Ticker

6/recent/ticker-posts

Filosofi MARAWA BASA



Oleh : Minas Syajidin Mahasiswa Jurusan Sastra Minangkabau Fakultas Ilmu Budaya

 Universitas Andalas


Marawa Basa adalah perlambang kebesaran adat yang merupakan simbol identitas keminangkabauan asal mula bangsa Melayu.


Marawa Basa diadopsi berdasarkan filosofi adat Minangkabau yakni Alam Takambang jadi guru, asalnya adalah Adat Sabana Adat yakni kato bayang baso Minang disebut "Ula Ngiang" dan tidak boleh ditunjuk dengan jari lurus tapi dibengkokkan, karena Marawa Basa adalah kehormatan yang sangat dimuliakan, kemudian menjadi Adat Taradat yang sekarang menggunakan kain yang di ambil dari gambaran Ula Ngiang atau kita kenal dengan nama PELANGI.


Sebait lirik lagunya


Pelangi pelangi alangkah indahmu,

Merah kuning hijau dilangit yang biru,

Pelukismu agung.


Marawa Basa awalnya di buat dari kulit hewan yang diwarnai sampai ditemukan kain yang dijahit dan berlaku sebagai Marawa Basa Minangkabau sejak 100-500 tahun sebelum Masehi.


Marawa Basa yang berwarna merah kuning hijau dan melengkung meniru aslinya ula Ngiang atau pelangi di Minangkabau dipakai sejak zaman purbakala sampai penjajah Belanda berkuasa dan berubah warna sejak Regent Tanah Datar lalu setelah Minangkabau menjadi wilayah Indonesia sampai berakhirnya Provinsi Sumatra Tengah yang beribukota di Bukittinggi.


Wilayah Sumatera Tengah resmi berakhir ketika pemerintah pusat mengesahkan Undang-Undang Nomor 61 Tahun 1958 seiring terjadinya Pemerintahan Revolusioner Republik Indonesia (PRRI).
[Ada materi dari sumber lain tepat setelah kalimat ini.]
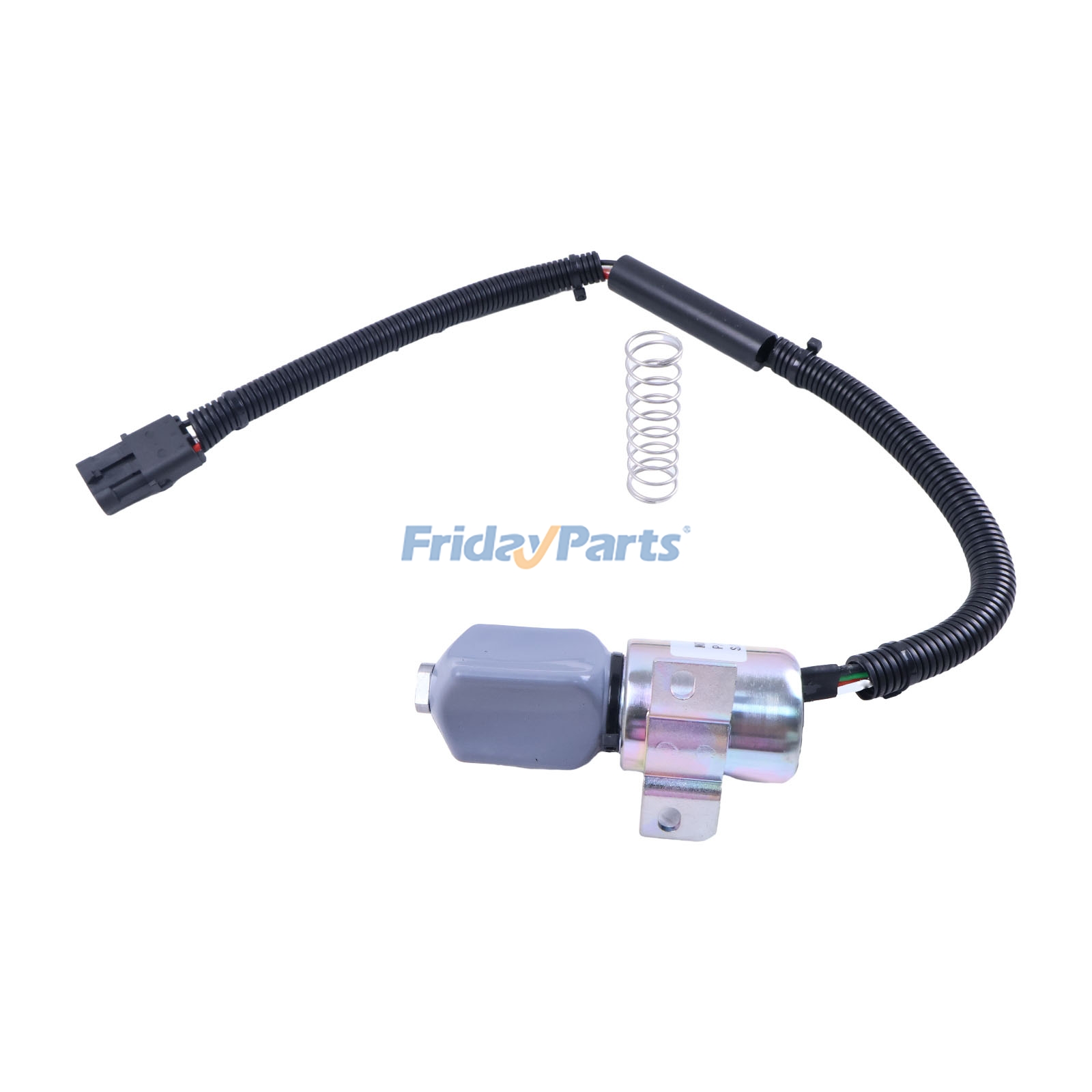 12V Fuel Shutoff Solenoid Replacement for Woodward SA-4793-12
Provinsi Sumatra Tengah dimekarkan menjadi Provinsi Sumatra Barat, Provinsi Riau, dan Provinsi Jambi.


Namun Provinsi Sumatera Barat kembali memakai Marawa Basa Kerajaan Pagaruyung versi Sultan Alam Bagagarsyah ketika menjabat menjadi Regent Tanah datar, yang merubah Marawa menjadi warna merah kuning hitam, sedangkan Riau dan Jambi yang merupakan sapiah balahan kerajaan Pagaruyung dari pendahulunya Sultan Bagagarsyah, masih memakaikan Marawa Basa Minangkabau berwarna merah kuning hijau sampai saat ini.


artinya saat ini Marawa Basa di Sumbar adalah Marawa Sultan Alam Bagagarsyah bukan Marawa Basa Minangkabau yang merujuk pada Alam Takambang jadi guru sebagaimana acuan Filosofi Adat Minangkabau secara turun temurun.


walaupun beberapa Nagari di Sumbar masih memakaikan Marawa Basa Adat Minangkabau seperti di wilayah Junjuang Sirih dan lainnya tapi pada umumnya di Sumbar memakaikan Marawa Sultan Alam Bagagarsyah yang dipopulerkan kembali sejak berdirinya ormas Lembaga Kerapatan Adat Alam Minangkabau (LKAAM) pada tahun 1966 sampai sekarang.


Sesusai bak petuah adat.


Sakali air gadang

Sakali tapian barubah

Nan tapian indak baranjak dari asa.


Begitulah dinamika perubahan zaman dan keadaan sesuai kepentingan kekuasaan pada masanya, namun Marwah Minangkabau tidak bisa dirubah oleh apapun kecuali atas kehendak Allah SWT.


Demikianlah sekilas sejarah singkat tentang Marawa Basa Minangkabau.